Snow just won’t fall exactly where we want it to. Skiers cheer when it comes to the slopes, and kids are elated when the roads get too tricky to navigate with school buses. But those of us who have to move it are downright perturbed and consider it a chore.
Snow has always been a challenge for people. Many accounts have been written about major storms, particularly the “Great Snow of 1717,” a series of four storms from the end of February through the first week of March, which possibly left up to 60 inches of snow north of Boston — and unthinkable drifts of 15 to 20 feet.
Another was the Blizzard of ’88, which lasted March 12 to 14 in 1888. Southern New England and New York got the brunt of it, but Maine was not left out. It received 10 to 20 inches.

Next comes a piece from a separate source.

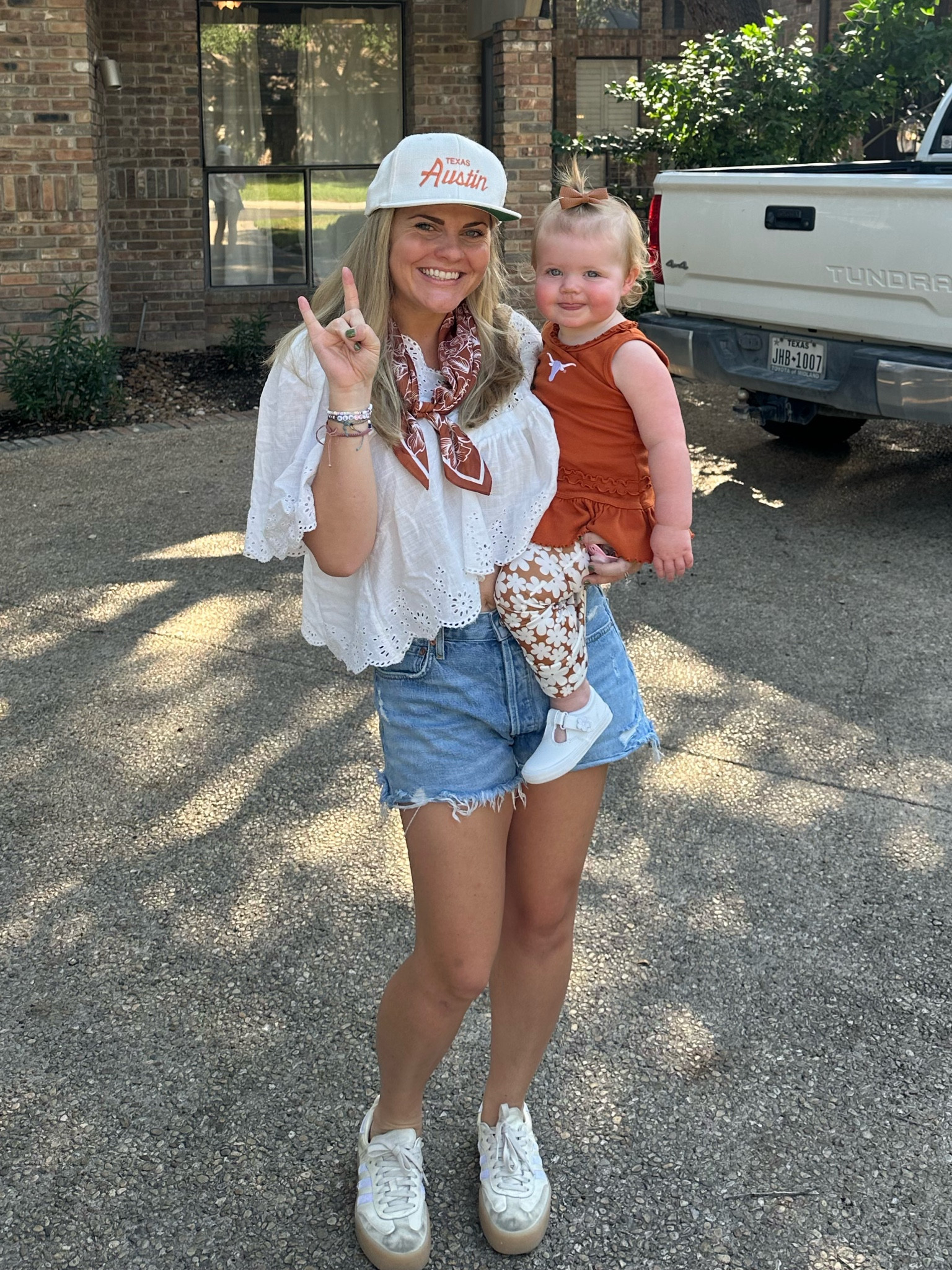 Texas Fight! Casual game day look #gameday #gamedayoutfit 

#LTKSeasonal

Notable in the 20th century: the Great Blizzard of 1952, stated to be the worst in Maine’s history. On February 17 and 18, 28 inches of snow hit the area, with 50 mph winds. Five people lost their lives. In Augusta, all but one city plow was stranded. They just had to give up.
Twenty years and three days later, another blizzard came through, tearing up roads and beaches. As much as 18 inches of snow fell along the coast, and the winds blew at 40 mph. The toll road from York to Augusta was closed for nine hours.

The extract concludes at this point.